In 1976 Carr had begun to tour Europe with the United Jazz and Rock Ensemble, beginning an association which was to last for the next 28 years. A trenchant and eloquent author, he shed light on some disgracefully overlooked titans of British jazz with Music Outside (1973), and co-authored Jazz: The Essential Companion (1987), revised in 1995 as Jazz: The Rough Guide. In 1991 he published Keith Jarrett The Man And His Music. But his great achievement as an author was Miles Davis: A Critical Biography (1982), which became one of the classic books on jazz when Carr expanded and revised it as Miles Davis: The Definitive Biography (1998).

Carr was one of the best of the BBC's jazz presenters and listeners enjoyed and came to trust his measured and lucid assessments of the music. He made two lengthy and remarkable radio series on Miles Davis and Keith Jarrett, travelling to New York with the Radio Three producer Derek Dreschler for his comprehensive research.
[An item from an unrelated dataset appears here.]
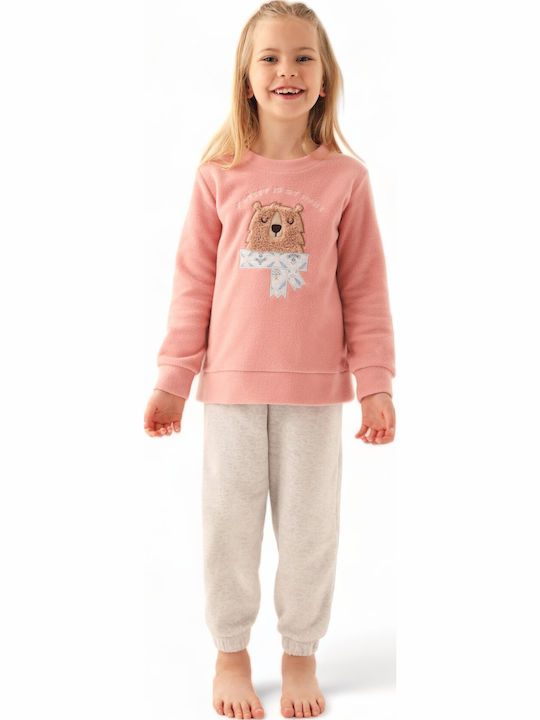 Arnetta Pijama pentru copii De iarnă Fleece Roz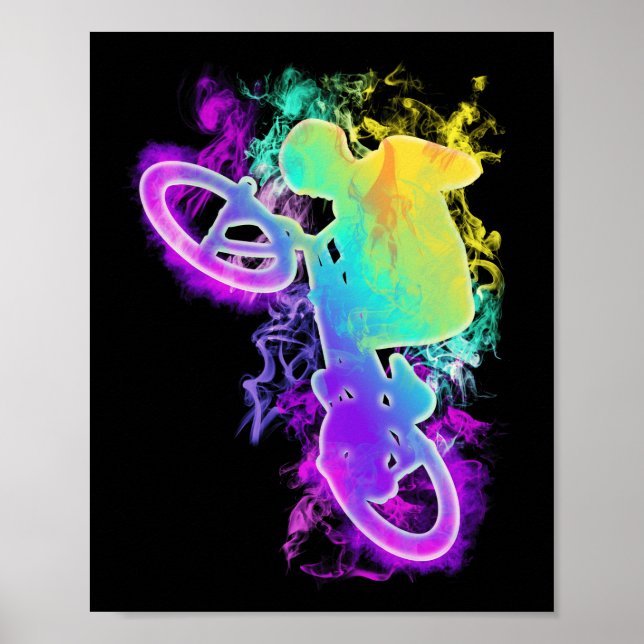 Poster Bicicleta BMX Colorida Bicicletas Meninas (Frente)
"I find him a joy to work with," said Dreschler. "It's jolly nice working with someone who really throws himself into it with such enthusiasm."

At the beginning of the decade Carr also collaborated with Mike Dibb to produce two seminal films for Channel 4 television, one on Davis and one on Jarrett. He taught as Associate Professor of Jazz at the Guildhall School of Music and Drama, and in 2006 he was given an award for Services to Jazz at the BBC Jazz Awards.

He had to fight much adversity for his life was dogged by ill-health and his first wife died in childbirth. He defeated cancer in the mid-Seventies but was afterwards subject to chronic fits of depression and in the last decade he suffered a series of strokes that led to the early onset of Alzheimer's disease, forcing him to spend his last years in a succession of care homes.

Steve Voce

Ian Henry Randall Carr, trumpeter, bandleader, composer, author, teacher: born Dumfries 21 April 1933; married firstly Margaret Bell (deceased, one daughter), secondly Sandy Major (marriage dissolved); died London 25 February 2009.